About this exercise: The entries below should be repeated exactly, with no pictures carried over.
*** Input material ***
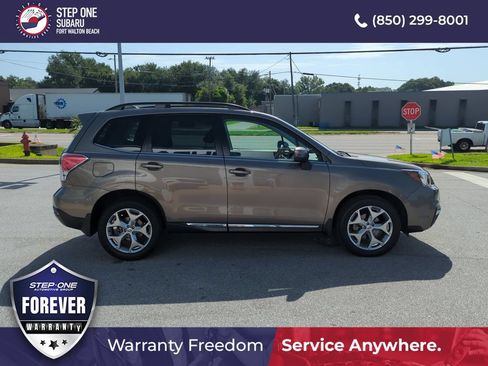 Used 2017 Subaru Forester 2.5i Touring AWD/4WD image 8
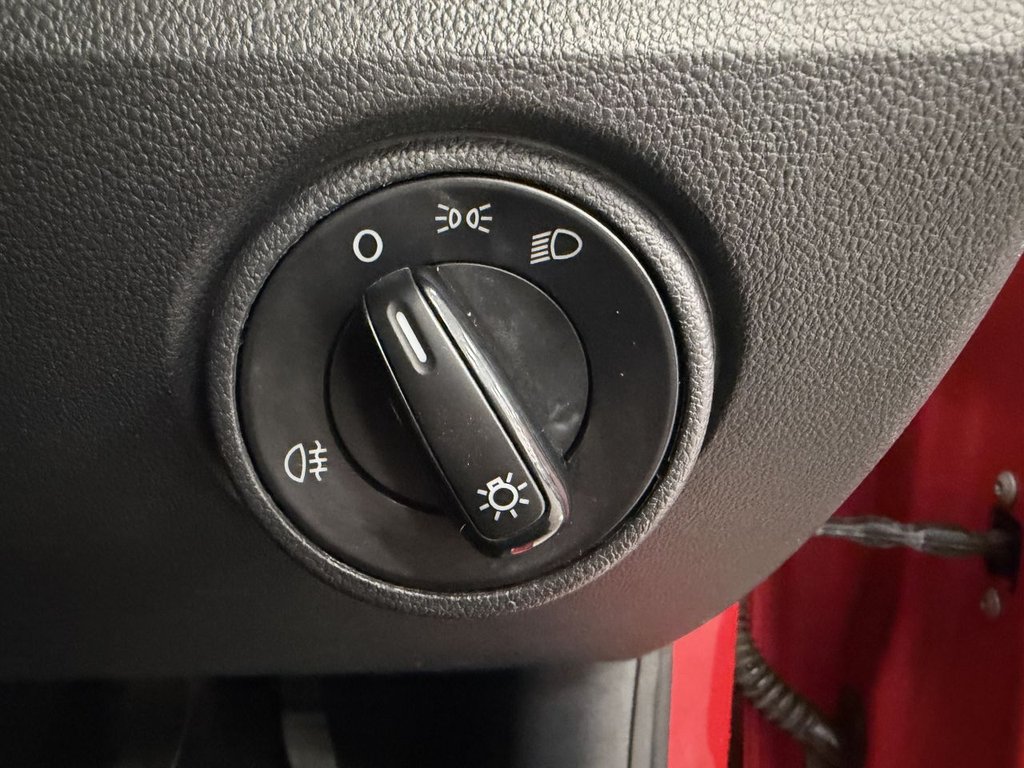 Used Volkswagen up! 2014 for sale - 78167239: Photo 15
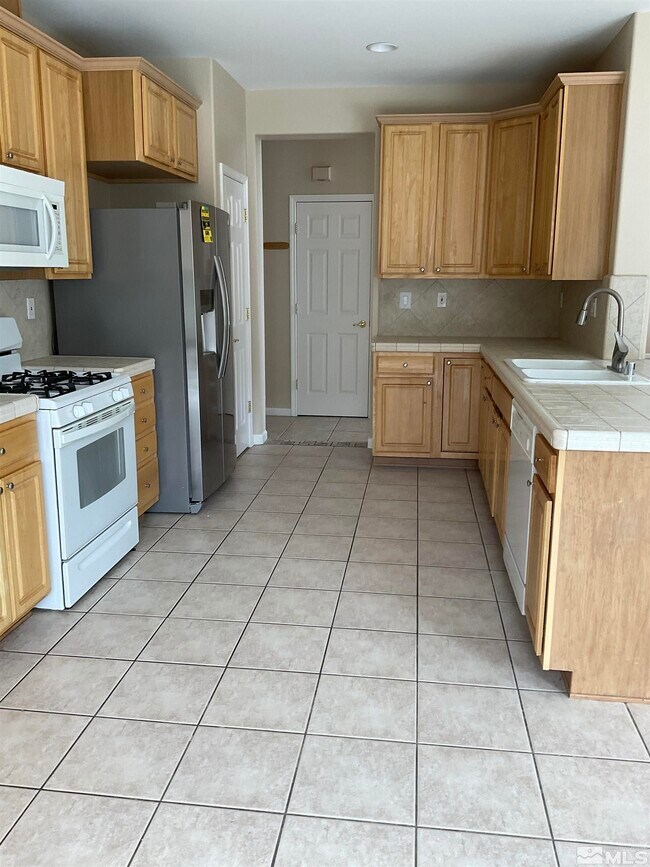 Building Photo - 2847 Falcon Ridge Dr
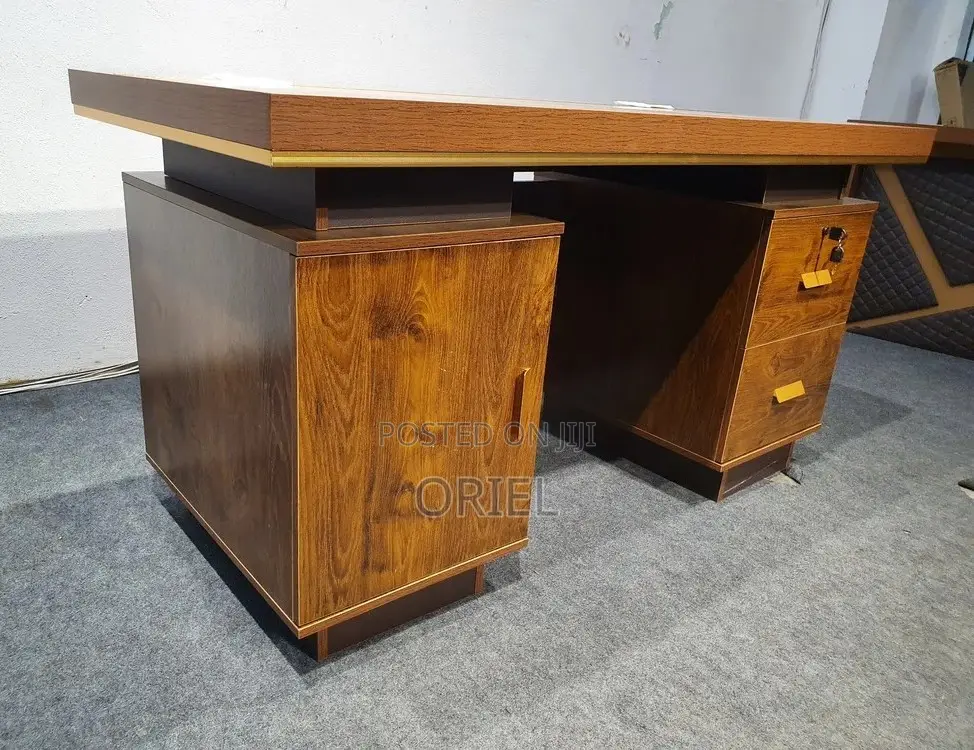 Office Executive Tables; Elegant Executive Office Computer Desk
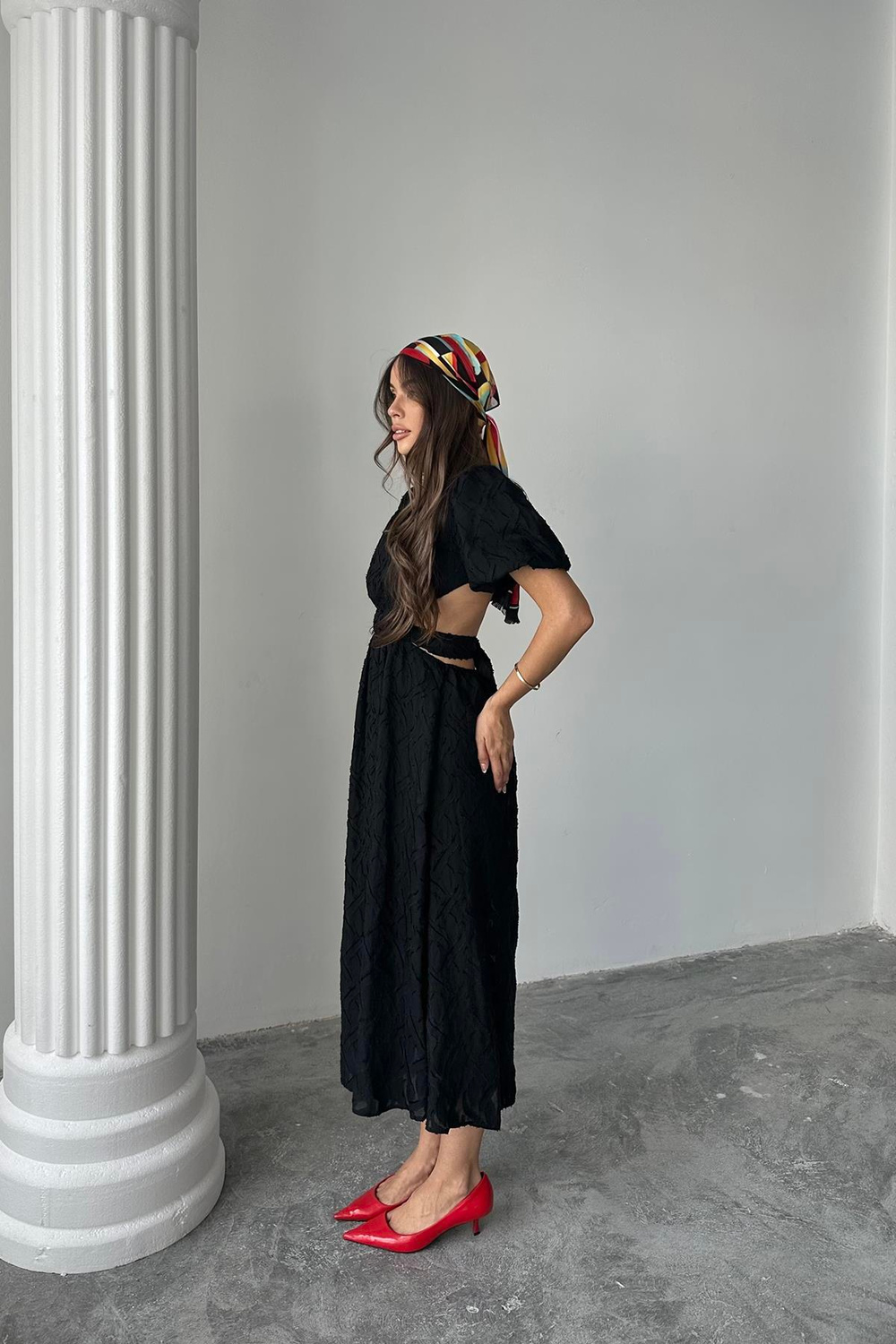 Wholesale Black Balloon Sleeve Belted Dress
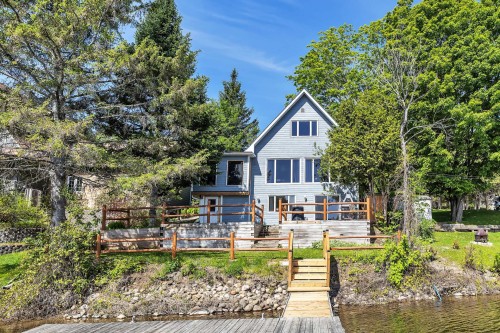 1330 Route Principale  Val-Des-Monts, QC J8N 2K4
*** End of Input material ***
Response to this exercise:
 Used 2017 Subaru Forester 2.5i Touring AWD/4WD image 8
 Used Volkswagen up! 2014 for sale - 78167239: Photo 15
 Building Photo - 2847 Falcon Ridge Dr
 Office Executive Tables; Elegant Executive Office Computer Desk
 Wholesale Black Balloon Sleeve Belted Dress
 1330 Route Principale  Val-Des-Monts, QC J8N 2K4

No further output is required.